* _DATA UNDER STUDY_:
· · · · · · ·

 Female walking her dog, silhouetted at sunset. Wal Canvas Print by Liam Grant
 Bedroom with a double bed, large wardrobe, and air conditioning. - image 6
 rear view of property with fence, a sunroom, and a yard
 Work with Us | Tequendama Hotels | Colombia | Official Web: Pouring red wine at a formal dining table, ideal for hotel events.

· · · · · · ·

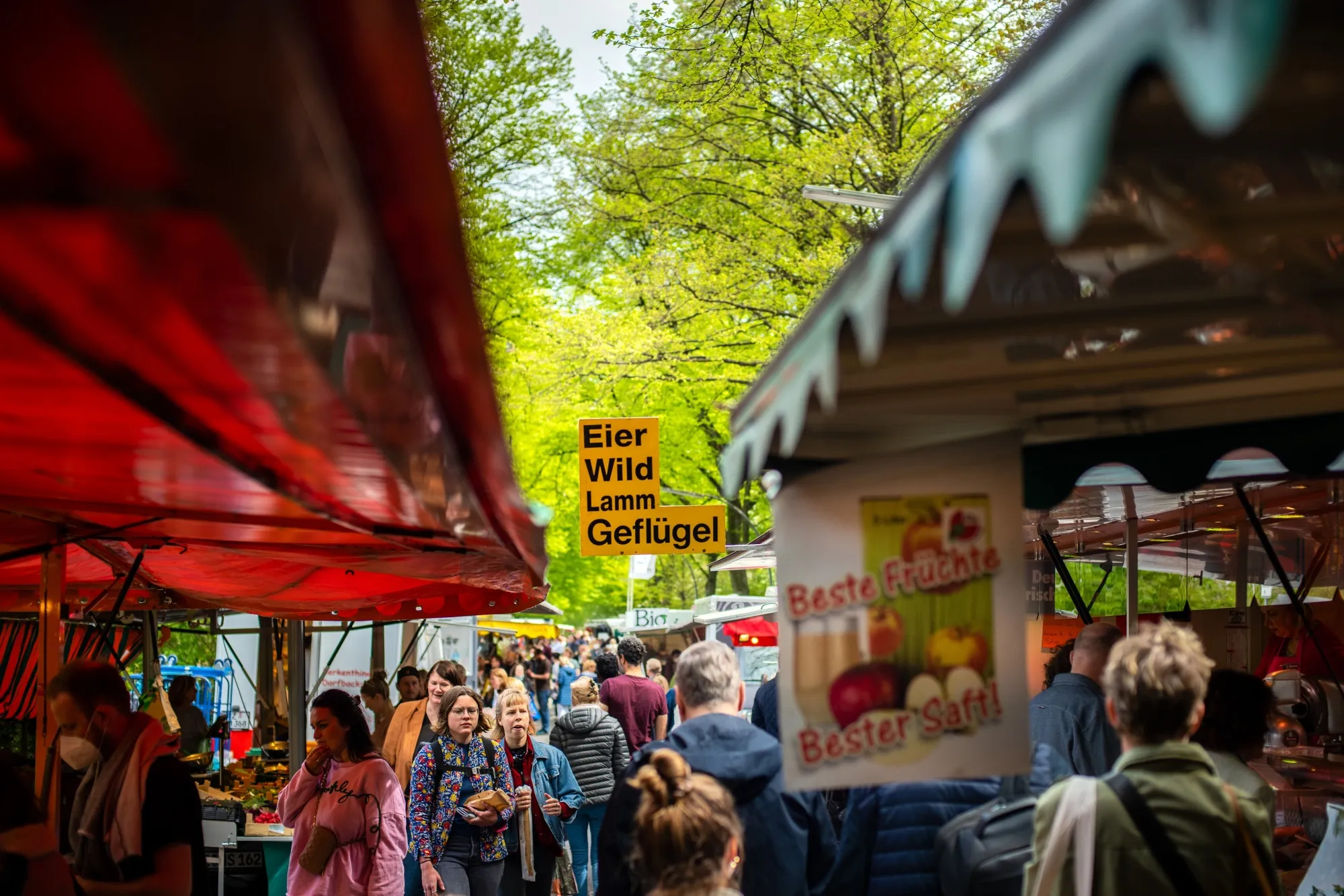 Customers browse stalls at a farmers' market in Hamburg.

· · · · · · ·

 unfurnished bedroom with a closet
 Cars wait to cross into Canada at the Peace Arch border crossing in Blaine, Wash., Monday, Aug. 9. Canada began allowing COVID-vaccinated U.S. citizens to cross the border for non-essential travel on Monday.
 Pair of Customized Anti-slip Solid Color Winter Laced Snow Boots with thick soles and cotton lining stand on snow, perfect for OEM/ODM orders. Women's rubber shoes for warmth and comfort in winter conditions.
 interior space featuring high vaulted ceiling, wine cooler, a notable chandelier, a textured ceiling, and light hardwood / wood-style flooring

· · · · · · ·

Beginning with the line above that contains "rear view of", copy each line exactly up to and including the line that contains "Work with Us", and go no further.

* _TASK RESPONSE_:
 rear view of property with fence, a sunroom, and a yard
 Work with Us | Tequendama Hotels | Colombia | Official Web: Pouring red wine at a formal dining table, ideal for hotel events.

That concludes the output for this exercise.